Credit card debt is a type of revolving debt. You can keep borrowing month after month as long as you repay enough that you never owe more than your credit limit. Credit card accounts can be used indefinitely, unlike instalment loan accounts that are closed once the balance is paid off.
This type of debt can easily get ahead of you, wreaking havoc on your finances and your credit score. It’s generally advised that you shouldn’t charge more than you can afford to repay at the end of each month, no matter how high your credit limit might be.
People are charged interest on the debt when they don’t pay off their balance, and this will accumulate until they do, so they can get even further behind with payments.
Understanding credit card debt
While useful for making purchases over time, credit card debt does carry some of the industry’s highest interest rates. It typically accounts for a significant portion of credit utilisation on a borrower’s credit profile.
Paying down substantial portions of outstanding debt is one of the best ways to rapidly improve your credit score.
Generally, credit card debt refers to the accumulated outstanding balances that many borrowers carry over from month to month. It can be useful for borrowers seeking to make purchases with deferred payments over time. This type of debt carries a high-interest rate. However, credit card borrowers do have the option to pay off their balances each month to save on interest over the long term.
How it works
Credit card debt is unsecured. It’s not backed by a piece of property, such as your car or your home, that acts as collateral, so a lender can’t claim it and sell it if a borrower stops making payments. Not repaying your debt can nonetheless seriously damage your credit score and history.

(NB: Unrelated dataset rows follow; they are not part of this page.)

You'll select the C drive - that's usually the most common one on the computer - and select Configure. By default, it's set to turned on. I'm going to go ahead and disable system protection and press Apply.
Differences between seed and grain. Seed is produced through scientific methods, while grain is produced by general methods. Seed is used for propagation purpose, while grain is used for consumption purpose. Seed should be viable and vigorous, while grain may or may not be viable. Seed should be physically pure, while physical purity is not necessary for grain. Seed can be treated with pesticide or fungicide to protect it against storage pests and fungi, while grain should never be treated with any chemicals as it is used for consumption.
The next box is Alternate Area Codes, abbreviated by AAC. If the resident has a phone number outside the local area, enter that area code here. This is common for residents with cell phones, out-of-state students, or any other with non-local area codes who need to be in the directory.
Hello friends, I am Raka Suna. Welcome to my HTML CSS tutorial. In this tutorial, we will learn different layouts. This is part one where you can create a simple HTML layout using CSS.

You’ll accumulate debt if you don’t pay off your entire balance by the due date each month. Card balances carried month to month are charged interest in the form of an annual percentage rate (APR).
The disadvantages of credit card debt
Contrary to popular belief, carrying credit card debt does not improve your credit score. Using credit wisely improves your score. This means charging only what you can afford to pay off each month, making on-time payments, and keeping your balances as close to zero as possible.

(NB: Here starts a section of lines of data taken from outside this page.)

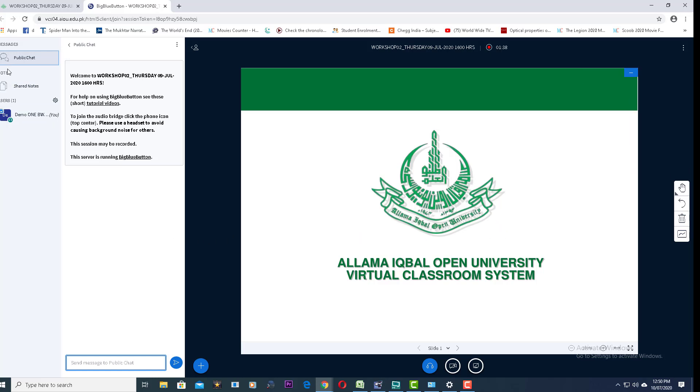This classroom is divided into three sections. In section one, the names of all participants will be displayed. The second section is the chat room or public chat section, and you can monitor the progress of the class through the chat being conducted in the chat box.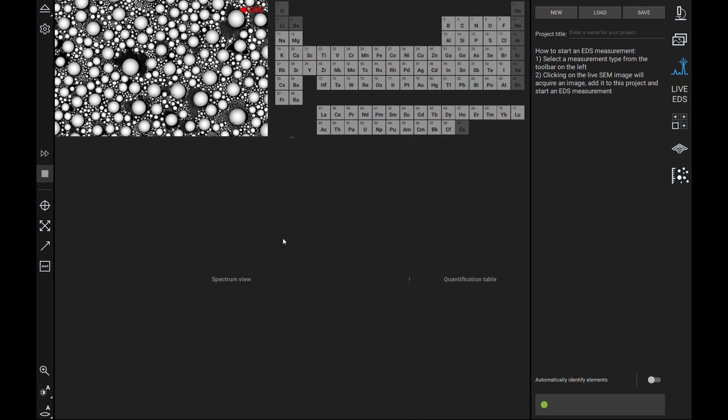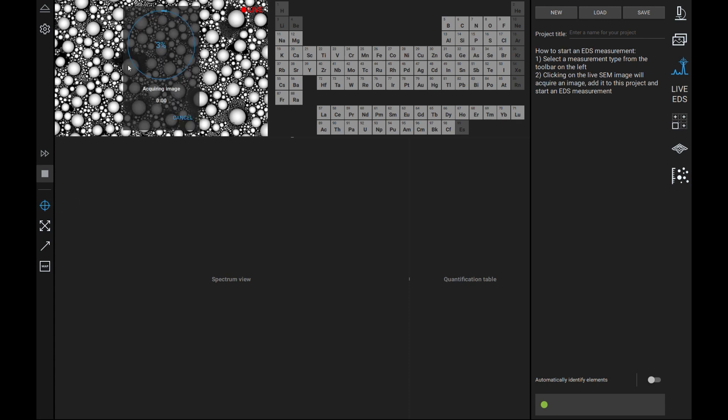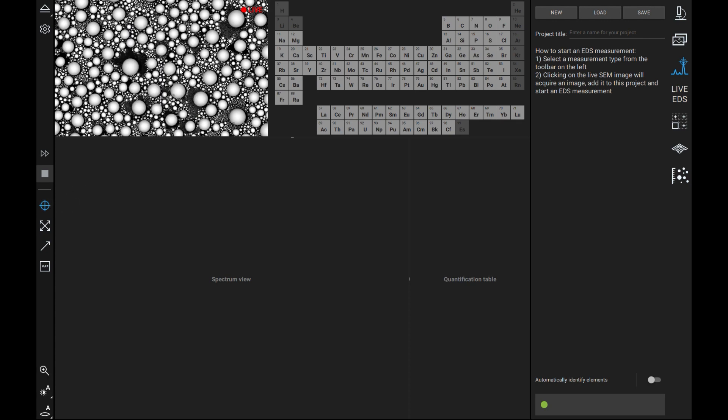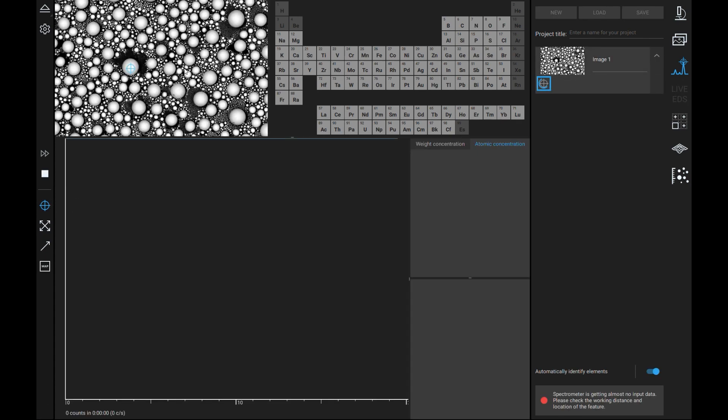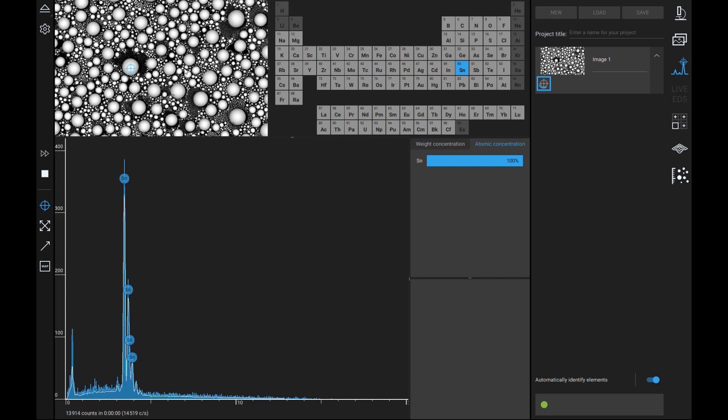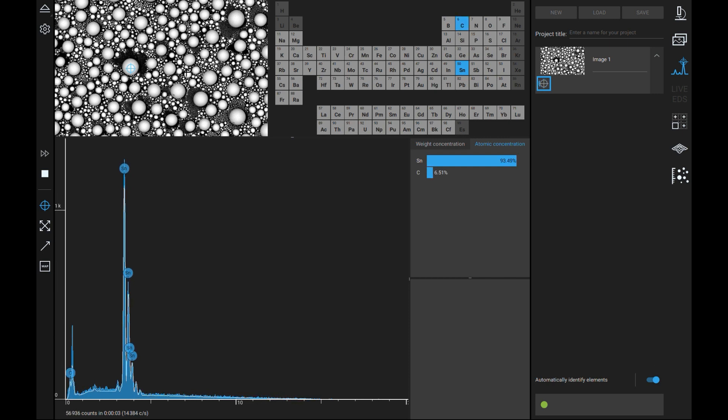EDS spot analysis analyzes the elemental composition of a specific point on an image. Simply left click the crosshair icon and left click anywhere on the image in the top left corner. A crosshair will appear and then the analysis will immediately begin. Multiple measurements can also be queued up at once to speed up the workflow by left clicking on the desired measurement locations.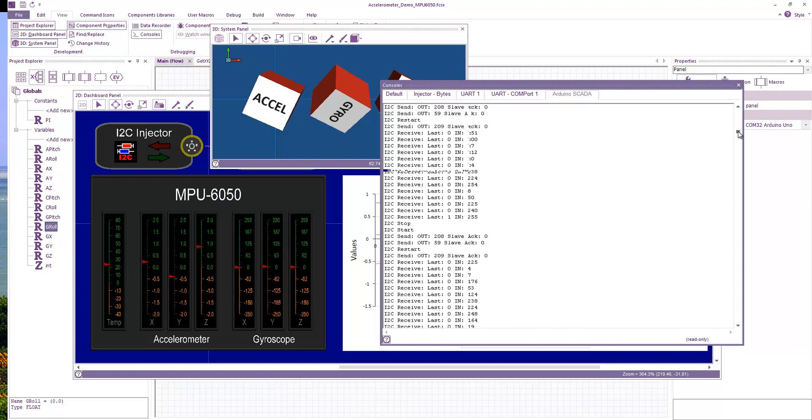So I hope this has been useful. I've been Ben Rowland. This has been Flowcode version 9.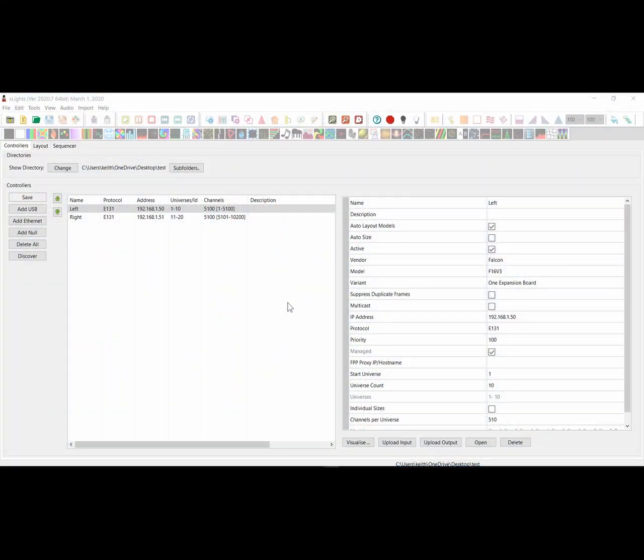Hey guys, Keith here. I wanted to spend a little bit of time going through this new feature for allowing you to actively assign your models onto your controllers.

Consider what you’re giving up by paying interest on card debt every month rather than investing that money elsewhere. That money could be valuable savings for retirement, your emergency fund, or a down payment on a house.
How do I know if I have too much credit card debt?
Other signs that you might have too much debt:
- You spend more overall each month than you earn.
- You’re missing or making late payments to afford other bills.
- You’ve used one credit card to pay another.
- You rely on credit cards to afford daily purchases like gas and groceries.
- You’re making credit card payments instead of adding money to a savings account each month.
- You’ve considered filing for bankruptcy.
How to control your debt
Credit cards can be a useful financial tool despite their downsides and can improve your credit score when used wisely and if you take precautions.
Learn as much as you can about your current credit cards and any you want to apply for. Review the card issuer web pages carefully, comparing credit card terms and conditions and benefit guides. Knowing how and when you’ll pay will help you use credit wisely.
Establish spending rules for your cards and stick to them. For example, only use your credit card for groceries or routine car maintenance—both expenses your budget should already support.
Credit cards aren’t an excuse to go on a shopping spree. They’re not “extra” money. Live within your means, and only use your cards to pay for things that you could also pay for with cash or your debit card.
You’ll face both late fees and interest charges if you don’t pay on time. Your card issuer might also raise your APR to the penalty rate outlined in your card’s terms and conditions, depending on how late you pay. Set up calendar alerts or automatic payments if you have trouble remembering due dates.
Penalty rates are often around 30%.
Avoid taking cash advances. Using a credit card for a cash advance means paying higher interest charges and transaction fees, and these transactions typically don’t have a grace period. Interest is charged starting the day you take out the advance, not when the billing cycle closes.
Don’t open new cards on a whim. Having a wallet full of cards can encourage excess spending and make it hard to keep track of where your money is going. Focus on using cards that work well with your existing spending habits.
Check your credit report periodically. It will show the debts you owe, your repayment history, the number of inquiries on your accounts, and what types of credit you’re managing.
Lenders use credit reports to gauge your creditworthiness, and you can do the same. You’re entitled to a free copy of your credit report from each major credit bureau.
If you are worried about your debt then ask for debt advice and consider a debt management plan. Reach out to your card issuers if you have questions or concerns. Don’t wait until your accounts fall into arrears.
What is a debt management plan?
A debt management plan helps eliminate credit card debt without taking out a loan. Debt management can reduce interest rates and provide affordable monthly payments based on your budget.
A debt management plan (DMP) is a carefully constructed payment schedule that consolidates credit card debt payments into one affordable monthly payment. There is no loan involved, and credit scores are not a factor.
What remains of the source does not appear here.